The article addresses the issue of whether student learning style has an impact on use of a learning technology such as a virtual learning environment (VLE). It is based on material from a broader research project at a UK university (Kingston University) on the use of VLEs in teaching and learning and explores the findings from the analysis of qualitative interviews with 43 first‐year undergraduate students, drawn from three faculties and four subject areas. It discusses the features of the VLE that are most valued by students (including their evaluation of more flexible modalities of learning); how students integrate the VLE with other learning and studying activities; and the specific ways in which various learning styles and approaches affect VLE use.

Notes

1. These are identified as the principal components of a VLE by the Joint Information Systems Committee (JISC), a body whose remit is to provide strategic guidance and information to institutions of higher and further education in the UK, with regard to the use of information and communications technologies (ICTs). http://www.jisc.ac.uk/pub00/req-vle.html, accessed 25/07/06.

2. The charity ‘The Atlantic Philanthropies’.

3. The field‐dependent or ‐independent cognitive styles are defined as ‘the extent to which a person perceives part of a field as discrete from the surrounding field as a whole, rather than embedded in the field; the extent to which a person perceives analytically’ (Witkin et al., Citation1977, p. 7).

4. See later section, ‘Print‐oriented learner’.

5. Coffield et al. (Citation2004) provide a useful review of the field of ‘learning styles’ and a classification of the different learning style models into those that describe aspects of individual style that derive from the individual’s constitution, cognitive structure, and personality type, as well as those that relate to how an individual approaches studying.

6. Time constraints meant that observations were not a viable option.

7. Year 1 interviews with staff, for example, highlighted staff concerns over the availability of materials leading to an increased dependency (‘spoon‐feeding’) on the part of students; or compulsion to work on‐screen encouraging a surface approach to studying in students.

8. As part of the e‐Success strand of the study, a questionnaire (LSQ) developed by the ESRC‐funded Enhancing Teaching and Learning project was administered to a large cohort of students, in total 975 across seven subject areas.
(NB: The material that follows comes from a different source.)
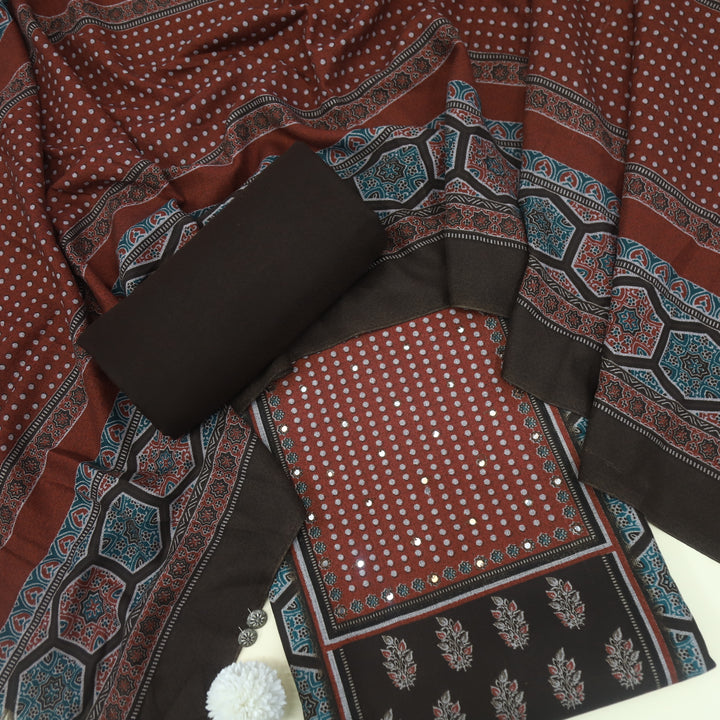 Zulfat Chocolate Brown Ajrak Print Semi Pashmina Winter Suit Set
This questionnaire seeks to identify the approaches to studying, described as ‘deep’, ‘surface’ and ‘strategic’ (e.g. see Entwistle et al., Citation2002). A modified questionnaire, including questions relating to VLE use, was administered in semester 2 to the same cohort. The findings from this strand of the research project are reported in Edirisingha et al. (Citation2005). The first LSQ, which also requested that students willing to take part in interviews leave their contact details, was used to identify students for the interviews.

9. By ‘non‐traditional’, we mean first‐generation entrants to HE.

10. Grounded theory provides systematic inductive guidelines for the collection and analysis of data, and for building theoretical frameworks to explain data. The main principles of grounded theory are: simultaneous collection and analysis of data; the use of comparative methods; theoretical sampling aimed at refining ideas as they emerge.

11. Based on interview transcripts, ‘overall use’ has been categorised in the following way for all faculties: ‘high’ or ‘very frequent’ use refers to four times a week or more; ‘medium’ or ‘frequent’ usage, twice to three times a week; ‘low’ or ‘infrequent’ use, once a week or less frequently.

12. The very small number of those describing their approach as ‘surface’ means that it is difficult to get meaningful data on this group with which to compare the ‘deep’ and ‘strategic’ learners.

13. Card 18 asked students to respond to the following statement: ‘When you have to learn something new and have a test, is it a) important for you to feel you understand the new idea/concept? Or is it b) more important to be able to memorise and remember the new idea?’